Prompt | While copying the entries exactly, leave out each picture they contain.

Collected data entries |
####################

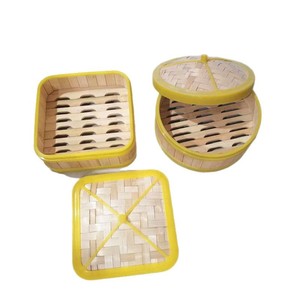 Cuisinière vapeur en bambou carrée avec bord en plastique 16,5 cm, écologique, pour dim sum et petit-déjeuner - Product Image 2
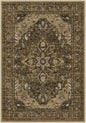 Area Rugs Round 6ft Washable Non-Slip, Floral Vintage Distress Print Pattern Medallion Carpet for Living Room Bedroom Dining Room, Brown Dark Brown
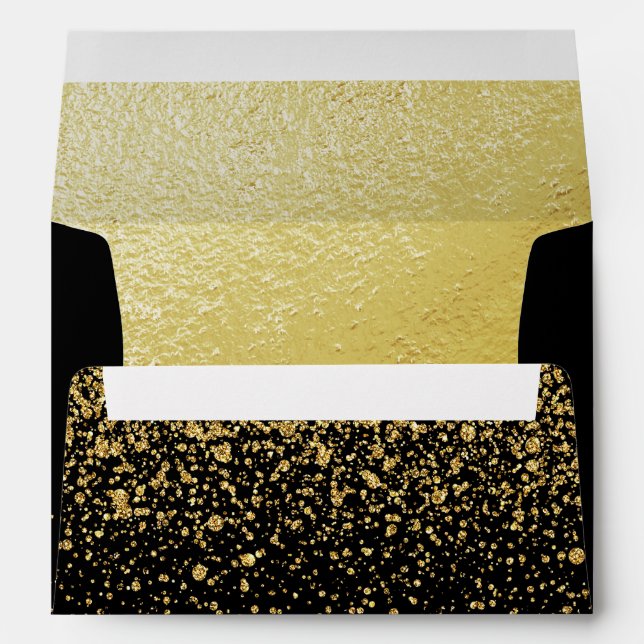 Modern Gold Foil and Confetti on Black Envelope (Back (Bottom))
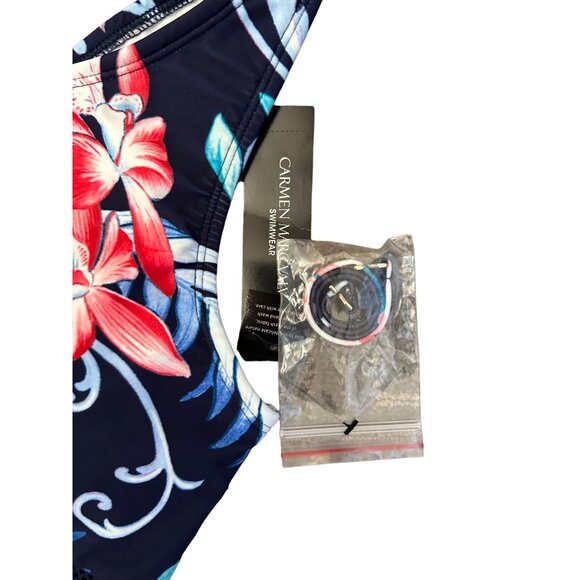 CARMEN MARC VALVO Floral Mesh Maritime Swimsuit Sz 8 NEW - Picture 5 of 6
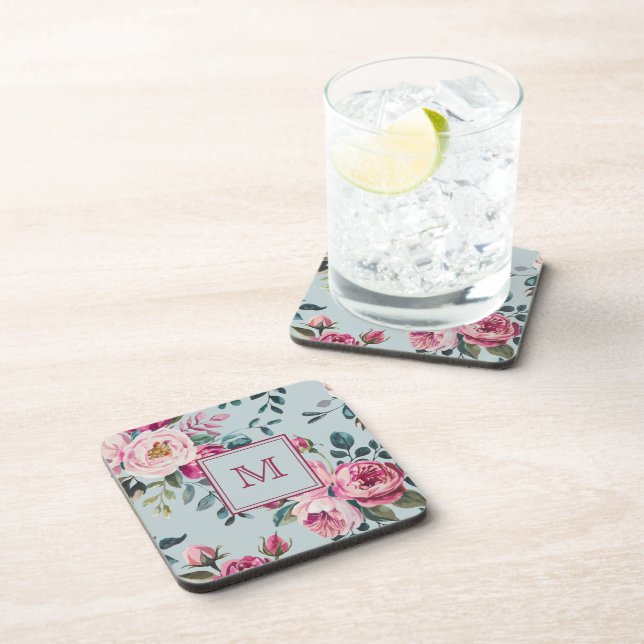 Grandmillennial Dusty Rose Floral Custon Monogram Beverage Coaster (Right Side)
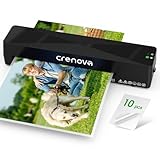 Crenova Laminator Machine with 10 Laminating Sheets, A4 Laminating Machine Hot & Cold with Fast Warm Technology, Thermal Laminator 9 Inch for Home Office School Business Black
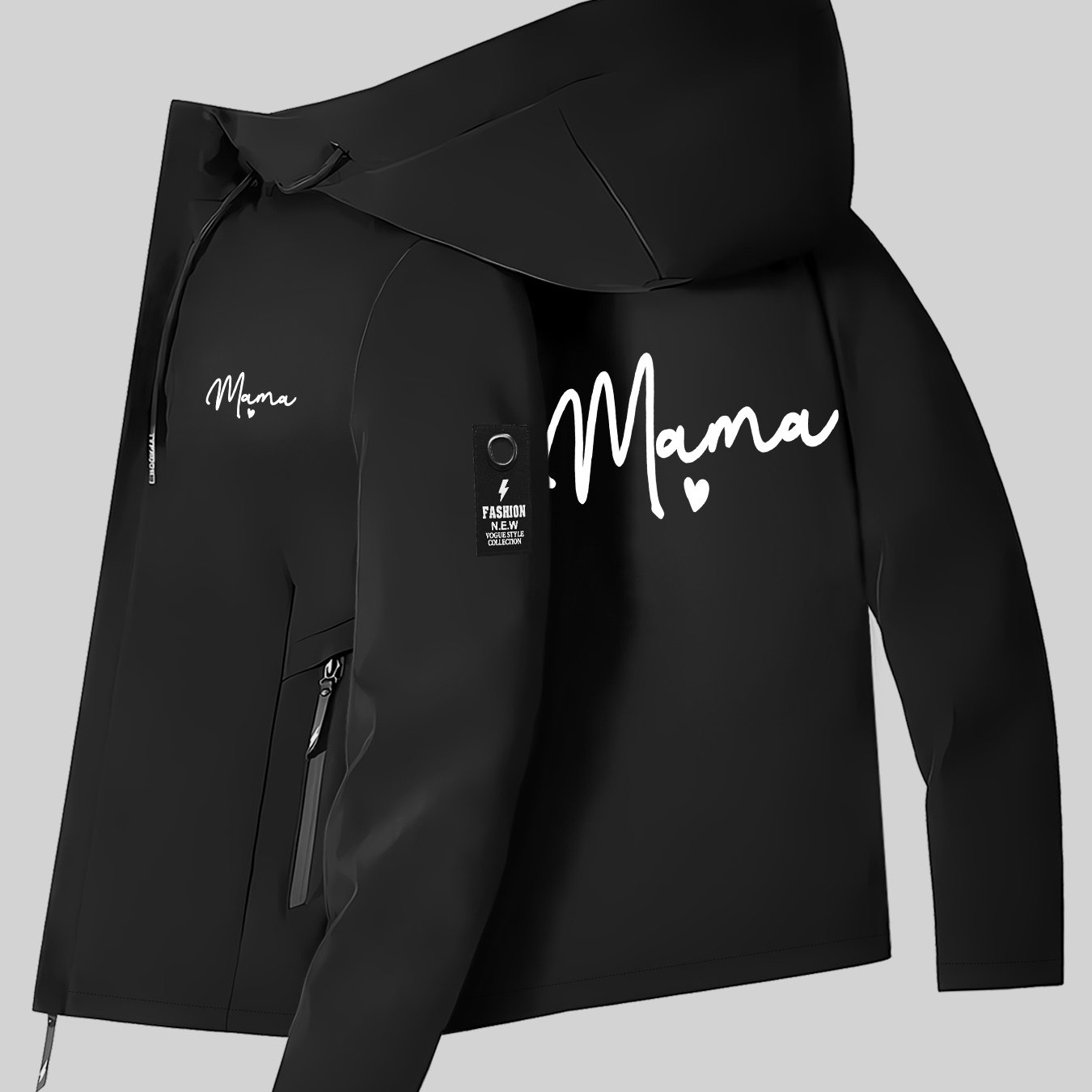 TEMU And Autumn Couple's Windbreakers With Mama Print, Jackets For Outdoor Climbing, Suitable For Men And Women.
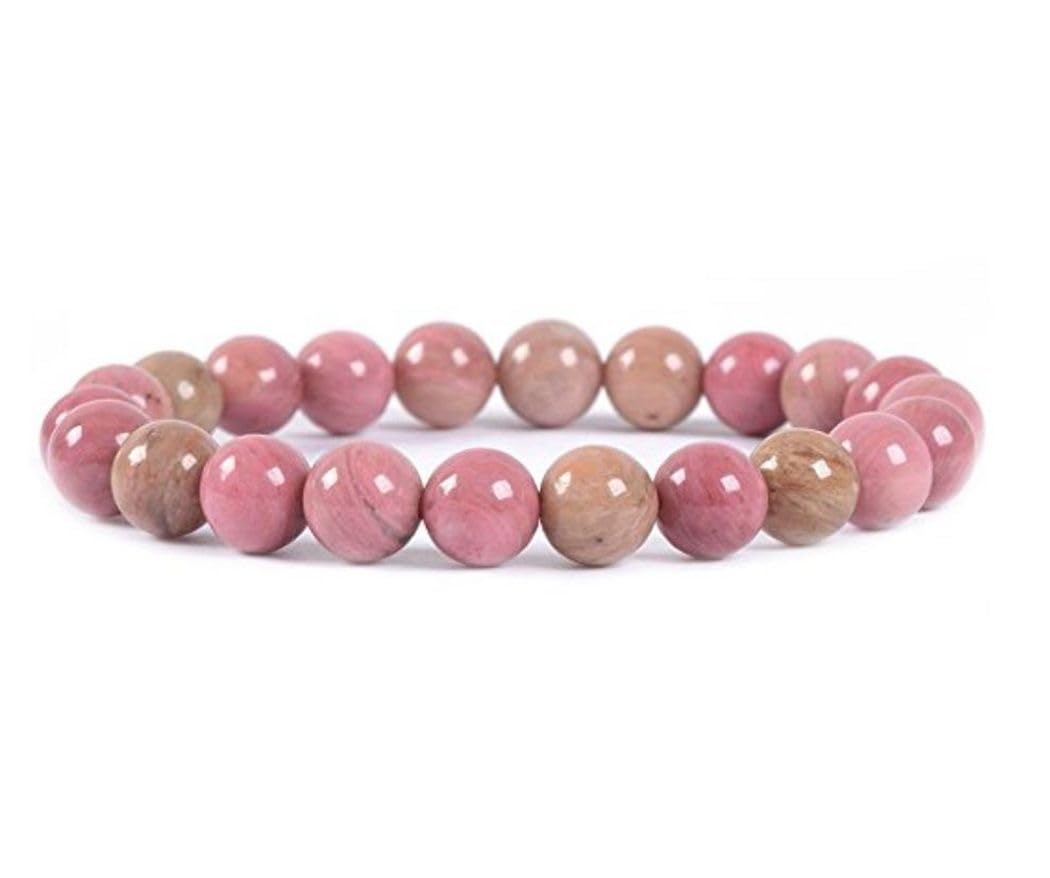Adabele Real Natural Pink Rhodonite Gemstone Beaded Bracelet 8 inch Stretch Chakra Healing Crystal Stone Jewelry Women Birthday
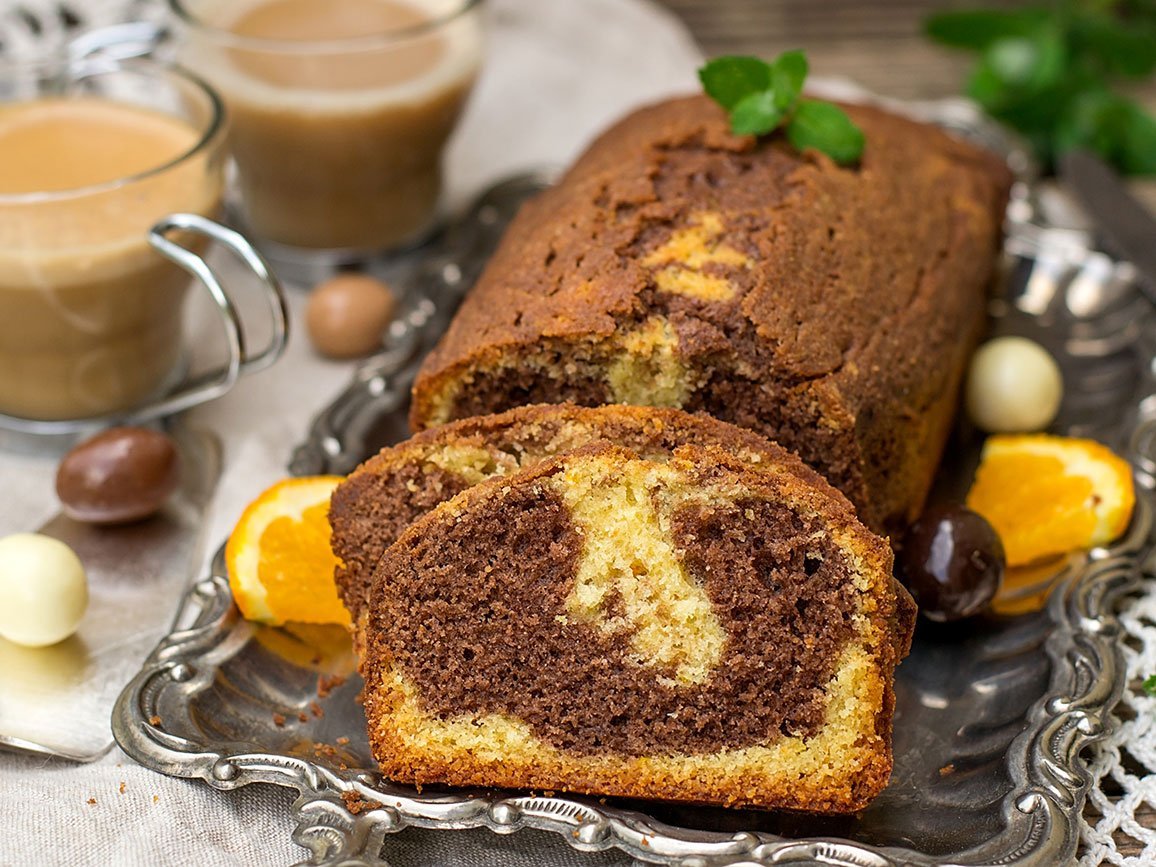 Chocolate And Orange Marble Cake Served With Coffee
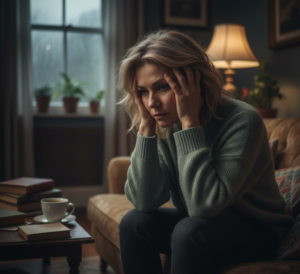 Femme assise sur un canapé, les mains sur la tête, visiblement préoccupée, avec une tasse de café et des livres à proximité.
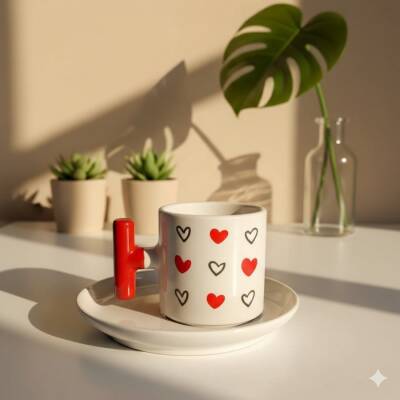 SİYAH KALP KIRMIZI KALP -T TÜRK KAHVESİ FİNCANI - KIRMIZI SAP - 1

####################

Finished exercise |
 Cuisinière vapeur en bambou carrée avec bord en plastique 16,5 cm, écologique, pour dim sum et petit-déjeuner - Product Image 2
 Area Rugs Round 6ft Washable Non-Slip, Floral Vintage Distress Print Pattern Medallion Carpet for Living Room Bedroom Dining Room, Brown Dark Brown
 Modern Gold Foil and Confetti on Black Envelope (Back (Bottom))
 CARMEN MARC VALVO Floral Mesh Maritime Swimsuit Sz 8 NEW - Picture 5 of 6
 Grandmillennial Dusty Rose Floral Custon Monogram Beverage Coaster (Right Side)
 Crenova Laminator Machine with 10 Laminating Sheets, A4 Laminating Machine Hot & Cold with Fast Warm Technology, Thermal Laminator 9 Inch for Home Office School Business Black
 TEMU And Autumn Couple's Windbreakers With Mama Print, Jackets For Outdoor Climbing, Suitable For Men And Women.
Adabele Real Natural Pink Rhodonite Gemstone Beaded Bracelet 8 inch Stretch Chakra Healing Crystal Stone Jewelry Women Birthday
 Chocolate And Orange Marble Cake Served With Coffee
 Femme assise sur un canapé, les mains sur la tête, visiblement préoccupée, avec une tasse de café et des livres à proximité.
 SİYAH KALP KIRMIZI KALP -T TÜRK KAHVESİ FİNCANI - KIRMIZI SAP - 1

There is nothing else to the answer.